=== TASK ITEM ===
Look in the material below for the line with "Die Blaue Grotte" and the line with "Apovit Kalk +", then set down exactly those two lines and all lines between, nothing more.

=== DATA PROVIDED ===
☆ ☆ ☆ ☆
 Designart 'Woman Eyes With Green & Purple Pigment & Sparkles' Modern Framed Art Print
☆ ☆ ☆ ☆
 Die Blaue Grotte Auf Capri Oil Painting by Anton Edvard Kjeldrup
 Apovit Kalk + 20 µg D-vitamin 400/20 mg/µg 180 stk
☆ ☆ ☆ ☆
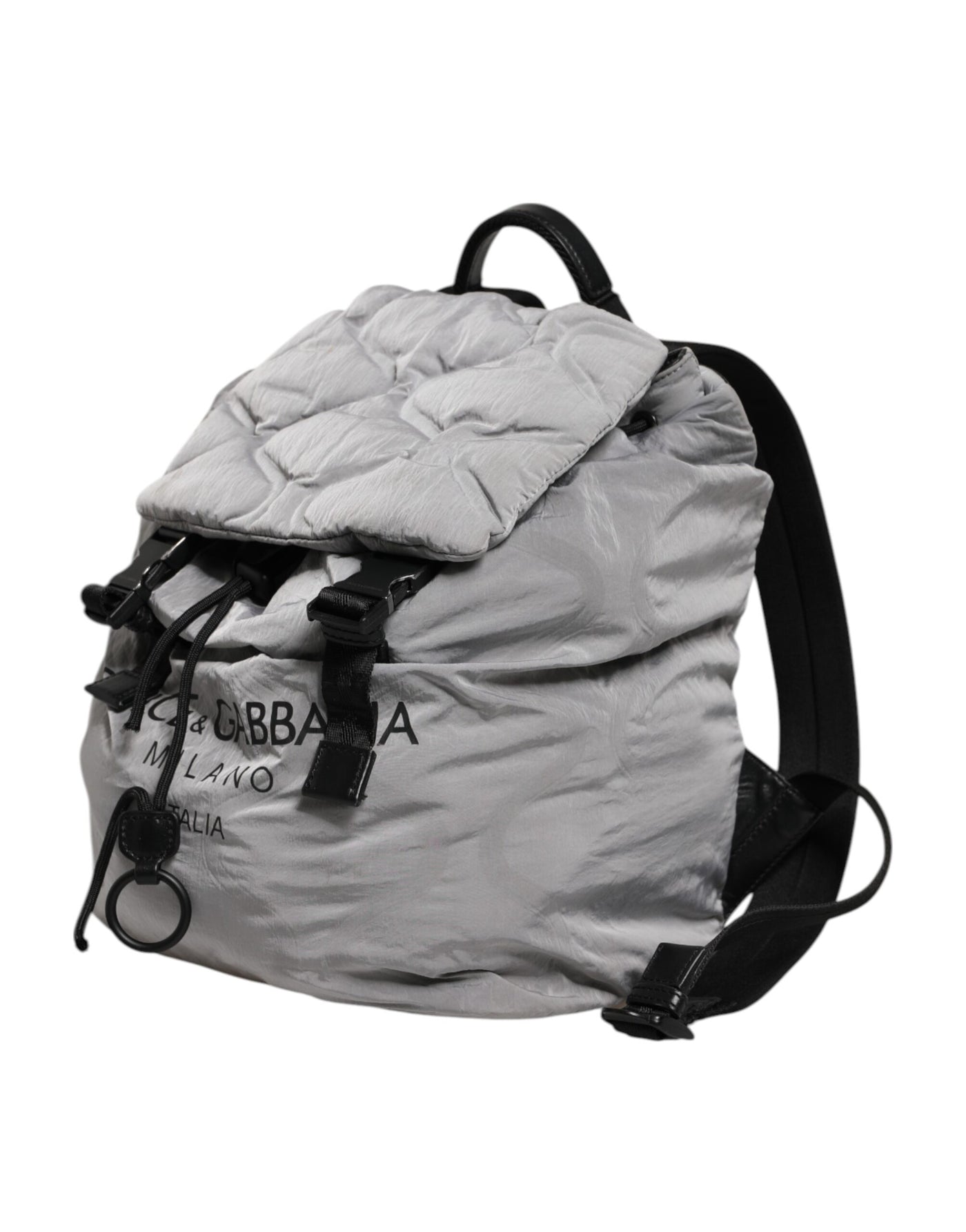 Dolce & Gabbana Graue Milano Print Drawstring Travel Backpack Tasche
☆ ☆ ☆ ☆
=== RESULT ===
 Die Blaue Grotte Auf Capri Oil Painting by Anton Edvard Kjeldrup
 Apovit Kalk + 20 µg D-vitamin 400/20 mg/µg 180 stk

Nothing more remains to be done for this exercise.